[Provided data]
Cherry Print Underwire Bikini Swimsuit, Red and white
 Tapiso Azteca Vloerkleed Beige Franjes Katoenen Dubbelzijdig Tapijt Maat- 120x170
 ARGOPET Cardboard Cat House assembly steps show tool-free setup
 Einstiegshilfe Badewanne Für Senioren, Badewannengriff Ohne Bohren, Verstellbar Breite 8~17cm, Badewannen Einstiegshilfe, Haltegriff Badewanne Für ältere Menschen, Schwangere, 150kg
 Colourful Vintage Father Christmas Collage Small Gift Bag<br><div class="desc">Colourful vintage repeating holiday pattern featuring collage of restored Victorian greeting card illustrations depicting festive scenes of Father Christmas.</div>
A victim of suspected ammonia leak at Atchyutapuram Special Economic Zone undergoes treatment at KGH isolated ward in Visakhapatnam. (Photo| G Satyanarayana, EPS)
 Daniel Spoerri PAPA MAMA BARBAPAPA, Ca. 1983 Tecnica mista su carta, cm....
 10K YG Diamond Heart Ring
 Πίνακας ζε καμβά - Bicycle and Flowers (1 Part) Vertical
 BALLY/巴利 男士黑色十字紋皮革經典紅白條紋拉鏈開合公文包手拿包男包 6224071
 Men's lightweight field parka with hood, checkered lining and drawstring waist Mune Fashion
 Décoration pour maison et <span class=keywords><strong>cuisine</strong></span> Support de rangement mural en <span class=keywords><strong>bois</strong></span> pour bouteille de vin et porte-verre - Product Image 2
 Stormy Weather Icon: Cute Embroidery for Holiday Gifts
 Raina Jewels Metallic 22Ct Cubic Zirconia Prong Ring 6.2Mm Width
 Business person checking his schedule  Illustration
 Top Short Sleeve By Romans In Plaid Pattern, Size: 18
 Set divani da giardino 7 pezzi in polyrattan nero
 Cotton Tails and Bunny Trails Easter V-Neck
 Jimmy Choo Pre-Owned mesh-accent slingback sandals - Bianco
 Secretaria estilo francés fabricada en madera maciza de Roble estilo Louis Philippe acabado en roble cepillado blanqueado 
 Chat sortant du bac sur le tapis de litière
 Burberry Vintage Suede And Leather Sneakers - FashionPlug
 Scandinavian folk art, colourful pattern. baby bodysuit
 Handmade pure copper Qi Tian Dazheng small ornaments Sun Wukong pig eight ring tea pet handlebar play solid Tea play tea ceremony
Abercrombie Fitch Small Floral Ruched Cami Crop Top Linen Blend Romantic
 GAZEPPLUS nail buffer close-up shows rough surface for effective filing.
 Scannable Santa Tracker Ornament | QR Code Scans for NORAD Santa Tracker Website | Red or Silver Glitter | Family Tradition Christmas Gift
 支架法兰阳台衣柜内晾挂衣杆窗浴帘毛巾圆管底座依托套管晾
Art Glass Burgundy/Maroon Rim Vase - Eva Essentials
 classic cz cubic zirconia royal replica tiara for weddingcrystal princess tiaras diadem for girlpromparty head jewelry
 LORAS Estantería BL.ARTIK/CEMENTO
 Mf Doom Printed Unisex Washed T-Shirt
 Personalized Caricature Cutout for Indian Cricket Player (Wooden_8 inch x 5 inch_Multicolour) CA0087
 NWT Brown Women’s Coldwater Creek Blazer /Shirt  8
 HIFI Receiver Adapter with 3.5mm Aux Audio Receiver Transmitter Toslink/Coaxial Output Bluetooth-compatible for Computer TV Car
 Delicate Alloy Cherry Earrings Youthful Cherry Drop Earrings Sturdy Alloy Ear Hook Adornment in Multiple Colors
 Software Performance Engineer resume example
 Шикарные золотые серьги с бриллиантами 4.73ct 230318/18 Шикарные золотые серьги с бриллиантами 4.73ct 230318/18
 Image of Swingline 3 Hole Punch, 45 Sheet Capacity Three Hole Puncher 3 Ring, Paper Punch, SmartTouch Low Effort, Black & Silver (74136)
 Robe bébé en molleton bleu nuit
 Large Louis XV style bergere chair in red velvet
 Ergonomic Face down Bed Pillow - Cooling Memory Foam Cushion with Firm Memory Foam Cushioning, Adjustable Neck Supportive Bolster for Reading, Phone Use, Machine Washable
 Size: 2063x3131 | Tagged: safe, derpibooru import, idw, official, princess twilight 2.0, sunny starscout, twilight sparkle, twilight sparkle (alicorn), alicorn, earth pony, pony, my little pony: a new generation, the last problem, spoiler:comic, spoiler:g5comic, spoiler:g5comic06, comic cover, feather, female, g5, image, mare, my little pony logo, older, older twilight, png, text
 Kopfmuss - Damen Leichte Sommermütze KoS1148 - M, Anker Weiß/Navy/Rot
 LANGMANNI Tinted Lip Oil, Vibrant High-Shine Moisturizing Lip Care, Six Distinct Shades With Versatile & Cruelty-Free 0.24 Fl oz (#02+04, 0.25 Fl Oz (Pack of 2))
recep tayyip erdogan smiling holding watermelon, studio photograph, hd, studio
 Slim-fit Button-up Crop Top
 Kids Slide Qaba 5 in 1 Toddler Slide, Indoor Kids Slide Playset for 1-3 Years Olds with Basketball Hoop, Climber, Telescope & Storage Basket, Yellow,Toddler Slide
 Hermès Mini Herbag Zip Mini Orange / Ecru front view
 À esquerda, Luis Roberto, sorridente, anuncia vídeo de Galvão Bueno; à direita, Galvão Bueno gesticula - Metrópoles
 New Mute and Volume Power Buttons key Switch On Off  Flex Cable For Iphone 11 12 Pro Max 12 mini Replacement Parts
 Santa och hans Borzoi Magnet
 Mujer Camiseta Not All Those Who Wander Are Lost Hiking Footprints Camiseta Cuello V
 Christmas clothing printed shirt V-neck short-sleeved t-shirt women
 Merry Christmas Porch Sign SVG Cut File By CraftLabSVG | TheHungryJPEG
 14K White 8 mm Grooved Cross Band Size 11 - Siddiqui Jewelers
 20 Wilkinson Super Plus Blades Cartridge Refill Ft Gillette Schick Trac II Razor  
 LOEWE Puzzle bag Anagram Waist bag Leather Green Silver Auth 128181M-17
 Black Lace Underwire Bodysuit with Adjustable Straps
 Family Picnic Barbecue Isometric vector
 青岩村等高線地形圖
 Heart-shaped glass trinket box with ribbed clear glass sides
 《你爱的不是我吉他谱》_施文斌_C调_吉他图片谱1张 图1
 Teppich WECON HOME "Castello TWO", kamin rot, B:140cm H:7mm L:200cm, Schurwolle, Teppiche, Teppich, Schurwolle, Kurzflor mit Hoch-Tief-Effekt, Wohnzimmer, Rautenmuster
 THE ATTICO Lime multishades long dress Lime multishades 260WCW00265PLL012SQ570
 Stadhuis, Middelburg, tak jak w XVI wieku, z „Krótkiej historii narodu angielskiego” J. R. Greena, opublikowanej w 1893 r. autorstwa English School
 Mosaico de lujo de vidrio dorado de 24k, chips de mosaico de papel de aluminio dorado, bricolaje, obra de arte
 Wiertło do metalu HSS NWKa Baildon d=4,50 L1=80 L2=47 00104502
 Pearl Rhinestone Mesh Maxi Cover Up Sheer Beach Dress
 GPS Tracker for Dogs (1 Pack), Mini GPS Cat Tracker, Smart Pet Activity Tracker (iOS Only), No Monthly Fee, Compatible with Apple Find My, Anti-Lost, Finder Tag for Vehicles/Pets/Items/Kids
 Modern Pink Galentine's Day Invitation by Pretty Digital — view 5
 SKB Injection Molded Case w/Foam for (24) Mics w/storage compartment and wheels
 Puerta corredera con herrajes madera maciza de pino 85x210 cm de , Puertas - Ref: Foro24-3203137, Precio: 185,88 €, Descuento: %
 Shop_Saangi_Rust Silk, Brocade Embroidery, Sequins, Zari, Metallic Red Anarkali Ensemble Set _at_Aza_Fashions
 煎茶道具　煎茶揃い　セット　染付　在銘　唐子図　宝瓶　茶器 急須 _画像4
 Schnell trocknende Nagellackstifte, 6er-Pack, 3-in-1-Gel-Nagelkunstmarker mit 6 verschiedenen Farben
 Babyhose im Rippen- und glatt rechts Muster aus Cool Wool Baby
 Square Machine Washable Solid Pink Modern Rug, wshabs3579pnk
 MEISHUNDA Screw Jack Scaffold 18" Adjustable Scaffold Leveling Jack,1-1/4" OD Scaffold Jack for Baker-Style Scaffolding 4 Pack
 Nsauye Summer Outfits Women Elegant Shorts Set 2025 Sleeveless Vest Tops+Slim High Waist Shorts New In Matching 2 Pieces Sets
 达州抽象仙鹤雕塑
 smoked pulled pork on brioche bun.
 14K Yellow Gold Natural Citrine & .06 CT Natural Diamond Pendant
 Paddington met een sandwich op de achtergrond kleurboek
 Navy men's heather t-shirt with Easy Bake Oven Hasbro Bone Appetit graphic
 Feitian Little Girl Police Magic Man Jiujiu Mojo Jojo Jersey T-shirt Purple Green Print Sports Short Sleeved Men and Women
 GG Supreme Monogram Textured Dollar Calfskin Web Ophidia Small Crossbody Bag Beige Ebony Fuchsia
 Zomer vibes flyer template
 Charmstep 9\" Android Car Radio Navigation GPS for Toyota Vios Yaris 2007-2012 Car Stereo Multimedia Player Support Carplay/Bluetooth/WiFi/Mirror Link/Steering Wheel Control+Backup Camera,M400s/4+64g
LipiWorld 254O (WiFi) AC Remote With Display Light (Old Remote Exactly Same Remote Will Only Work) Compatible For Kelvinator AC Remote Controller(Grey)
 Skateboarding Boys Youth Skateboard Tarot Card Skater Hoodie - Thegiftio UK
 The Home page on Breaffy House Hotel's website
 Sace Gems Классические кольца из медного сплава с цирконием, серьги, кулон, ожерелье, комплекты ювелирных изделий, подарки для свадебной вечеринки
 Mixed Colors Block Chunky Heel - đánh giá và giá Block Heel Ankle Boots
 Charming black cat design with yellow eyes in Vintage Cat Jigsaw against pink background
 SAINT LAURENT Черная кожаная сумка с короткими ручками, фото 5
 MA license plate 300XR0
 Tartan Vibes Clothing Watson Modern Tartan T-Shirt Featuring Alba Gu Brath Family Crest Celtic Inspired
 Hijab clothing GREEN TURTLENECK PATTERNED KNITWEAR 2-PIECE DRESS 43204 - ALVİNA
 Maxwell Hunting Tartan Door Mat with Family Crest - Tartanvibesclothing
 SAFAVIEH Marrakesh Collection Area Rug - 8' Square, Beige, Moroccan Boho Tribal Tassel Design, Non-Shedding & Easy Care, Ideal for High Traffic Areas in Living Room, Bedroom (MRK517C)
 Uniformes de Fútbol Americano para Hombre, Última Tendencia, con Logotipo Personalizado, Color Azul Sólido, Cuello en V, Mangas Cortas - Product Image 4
[/Provided data]
[What the exercise asks] What do the lines of the material read, from the first through the line with "Stormy Weather Icon: Cute"? Transcribe them exactly and stop there.

[Answer box]
Cherry Print Underwire Bikini Swimsuit, Red and white
 Tapiso Azteca Vloerkleed Beige Franjes Katoenen Dubbelzijdig Tapijt Maat- 120x170
 ARGOPET Cardboard Cat House assembly steps show tool-free setup
 Einstiegshilfe Badewanne Für Senioren, Badewannengriff Ohne Bohren, Verstellbar Breite 8~17cm, Badewannen Einstiegshilfe, Haltegriff Badewanne Für ältere Menschen, Schwangere, 150kg
 Colourful Vintage Father Christmas Collage Small Gift Bag<br><div class="desc">Colourful vintage repeating holiday pattern featuring collage of restored Victorian greeting card illustrations depicting festive scenes of Father Christmas.</div>
A victim of suspected ammonia leak at Atchyutapuram Special Economic Zone undergoes treatment at KGH isolated ward in Visakhapatnam. (Photo| G Satyanarayana, EPS)
 Daniel Spoerri PAPA MAMA BARBAPAPA, Ca. 1983 Tecnica mista su carta, cm....
 10K YG Diamond Heart Ring
 Πίνακας ζε καμβά - Bicycle and Flowers (1 Part) Vertical
 BALLY/巴利 男士黑色十字紋皮革經典紅白條紋拉鏈開合公文包手拿包男包 6224071
 Men's lightweight field parka with hood, checkered lining and drawstring waist Mune Fashion
 Décoration pour maison et <span class=keywords><strong>cuisine</strong></span> Support de rangement mural en <span class=keywords><strong>bois</strong></span> pour bouteille de vin et porte-verre - Product Image 2
 Stormy Weather Icon: Cute Embroidery for Holiday Gifts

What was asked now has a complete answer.